Objects can be used to retain or even add richness to the data structure in a saner, more organized way. For instance, it appears the item and price always go together. So the two pieces of data might as well be paired in an object:
class Item(object):
def __init__(self,name,price):
self.name=name
self.price=price
Similarly, a person seems to have an id and name and a set of possessions:
class Person(object):
def __init__(self,id,name,*items):
self.id=id
self.name=name
self.items=set(items)
If you buy into the idea of using classes like these, then your list_dicts could become
list_people = [
Person('001','jim',Item('pencil',0.99)),
Person('002','mary',Item('book',15.49)),
Person('002','mary',Item('tape',7.99)),
Person('003','john',Item('pen',3.49)),
Person('003','john',Item('stapler',9.49)),
Person('003','john',Item('scissors',12.99)),
]
Then, to merge the people based on id, you could use Python's reduce function,
along with take_items, which takes (merges) the items from one person and gives them to another:
def take_items(person,other):
'''
person takes other's items.
Note however, that although person may be altered, other remains the same --
other does not lose its items.
'''
person.items.update(other.items)
return person
Putting it all together:
import itertools
import operator
class Item(object):
def __init__(self,name,price):
self.name=name
self.price=price
def __str__(self):
return '{0} {1}'.format(self.name,self.price)
class Person(object):
def __init__(self,id,name,*items):
self.id=id
self.name=name
self.items=set(items)
def __str__(self):
return '{0} {1}: {2}'.format(self.id,self.name,map(str,self.items))
list_people = [
Person('001','jim',Item('pencil',0.99)),
Person('002','mary',Item('book',15.49)),
Person('002','mary',Item('tape',7.99)),
Person('003','john',Item('pen',3.49)),
Person('003','john',Item('stapler',9.49)),
Person('003','john',Item('scissors',12.99)),
]
def take_items(person,other):
'''
person takes other's items.
Note however, that although person may be altered, other remains the same --
other does not lose its items.
'''
person.items.update(other.items)
return person
list_people2 = [reduce(take_items,g)
for k,g in itertools.groupby(list_people, lambda person: person.id)]

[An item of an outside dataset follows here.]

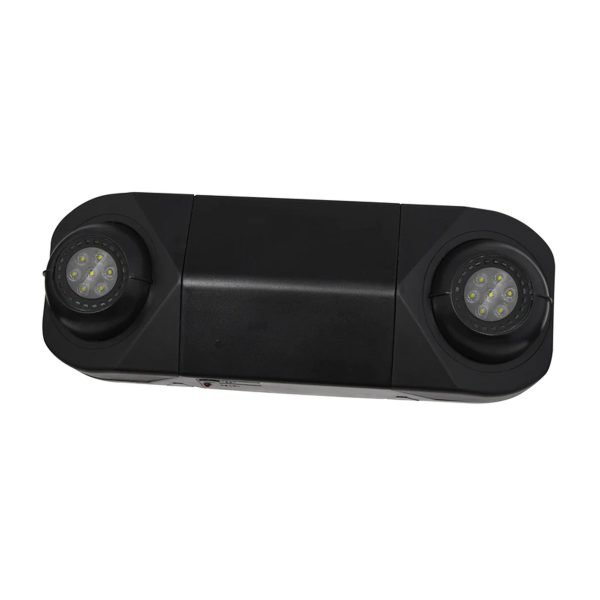 Pontrade | Adjustable Head Emergency Lights Black/White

for person in list_people2:
print(person)
This looks very much like a homework problem.
As the above poster mentioned, there are a few more appropriate data structures for this kind of data, some variant on the following might be reasonable:
[ ('001', 'jim', [('pencil', '0.99')]),
('002', 'mary', [('book', '15.49'), ('tape', '7.99')]),
('003', 'john', [('pen', '3.49'), ('stapler', '9.49'), ('scissors', '12.99')])]
This can be made with the relatively simple:
list2 = []
for id,iter in itertools.groupby(list_dicts,operator.itemgetter('id')):
idList = list(iter)
list2.append((id,idList[0]['name'],[(z['item'],z['price']) for z in idList]))

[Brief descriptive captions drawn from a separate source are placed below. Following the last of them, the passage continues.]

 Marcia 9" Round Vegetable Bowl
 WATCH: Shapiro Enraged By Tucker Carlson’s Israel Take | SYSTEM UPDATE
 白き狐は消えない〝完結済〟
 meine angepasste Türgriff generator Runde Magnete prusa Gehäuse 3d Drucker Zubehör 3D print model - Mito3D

The interesting thing about this question is the difficulty in extracting 'name' when using groupby, without iterating past the item.

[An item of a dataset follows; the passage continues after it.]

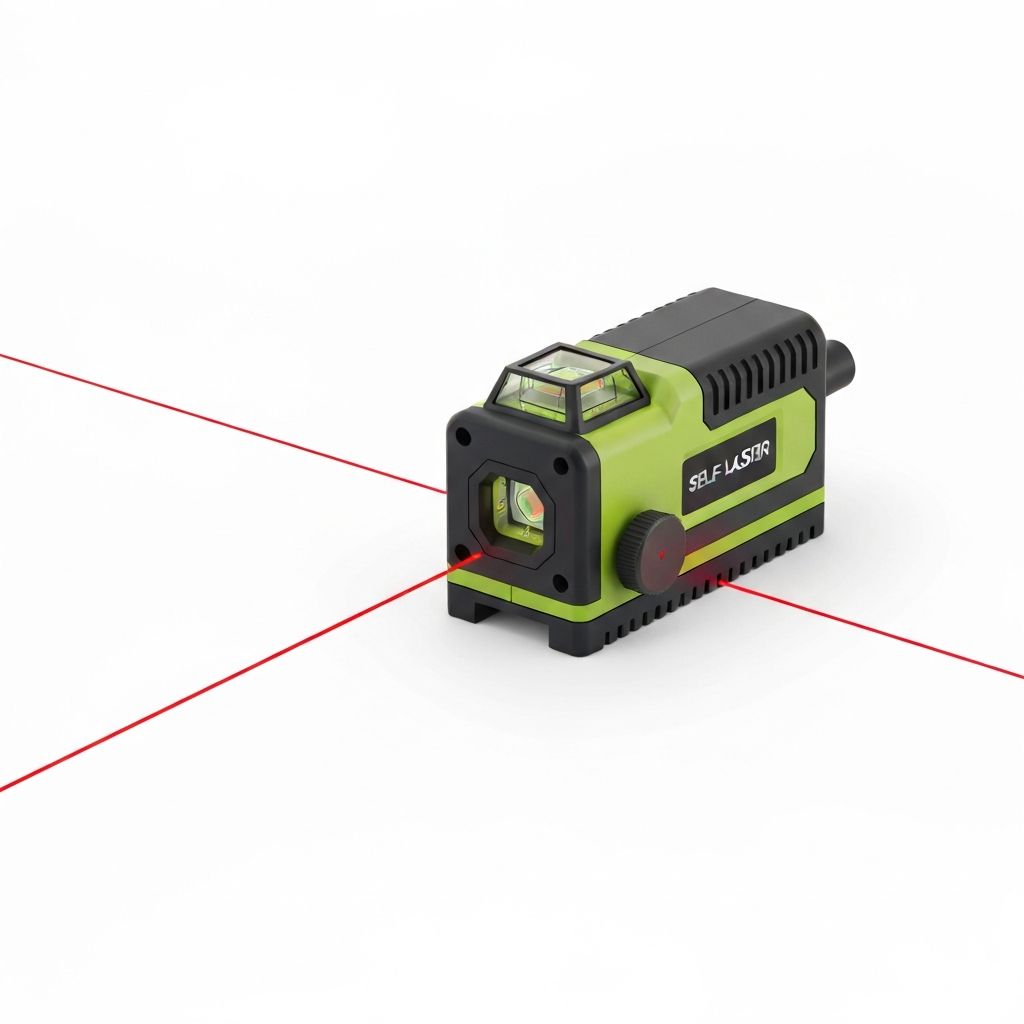 Self-Leveling Laser Level Kit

To get back to the original goal though, you could use code like this (as the OP suggested):
list3 = []
for id,name,itemList in list2:
newitem = dict({'id':id,'name':name})
for index,items in enumerate(itemList):
newitem['item'+str(index+1)] = items[0]
newitem['price'+str(index+1)] = items[1]
list3.append(newitem)
I imagine it would be easier to combine the items in list_dicts into something that looks more like this:
list_dicts2 = [{'id':1, 'name':'jim', 'items':[{'itemname':'pencil','price':'0.99'}], {'id':2, 'name':'mary', 'items':[{'itemname':'book','price':'15.49'}, {'itemname':'tape','price':'7.99'}]]
You could also use a list of tuples for 'items' or perhaps a named tuple.